(REQUIRED WORK) The response should contain only the line with "海哥徒手抓大章鱼,惊现超级墨鱼!" and every line after it to the end of the listing below, duplicated exactly; no picture belongs in it.

(RECORDED DATA)
★ ★ ★ ★
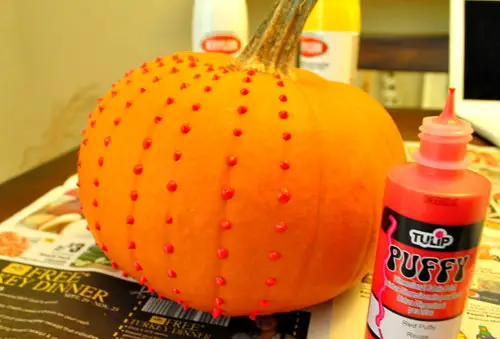 Pumpkin Studded 3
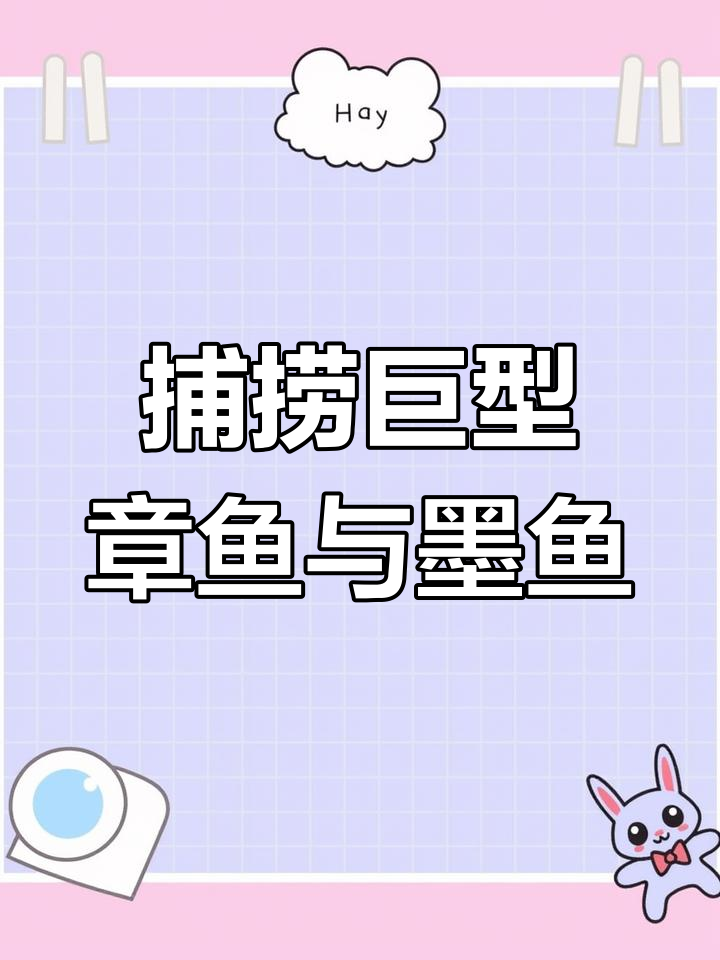 海哥徒手抓大章鱼,惊现超级墨鱼!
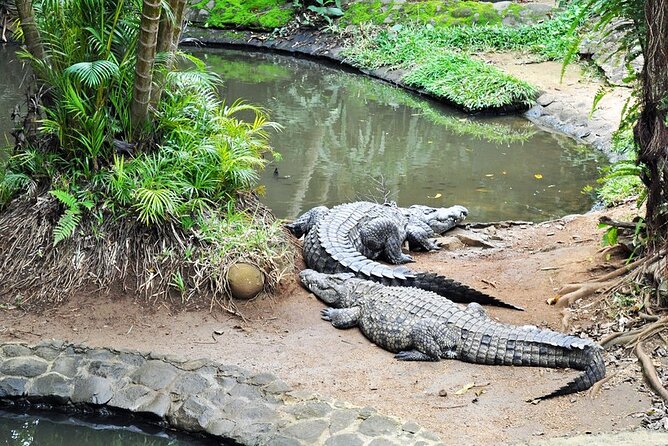 Crocodile Nature Park - Why the Wild South makes a strong day out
★ ★ ★ ★
(ANSWER)
 海哥徒手抓大章鱼,惊现超级墨鱼!
 Crocodile Nature Park - Why the Wild South makes a strong day out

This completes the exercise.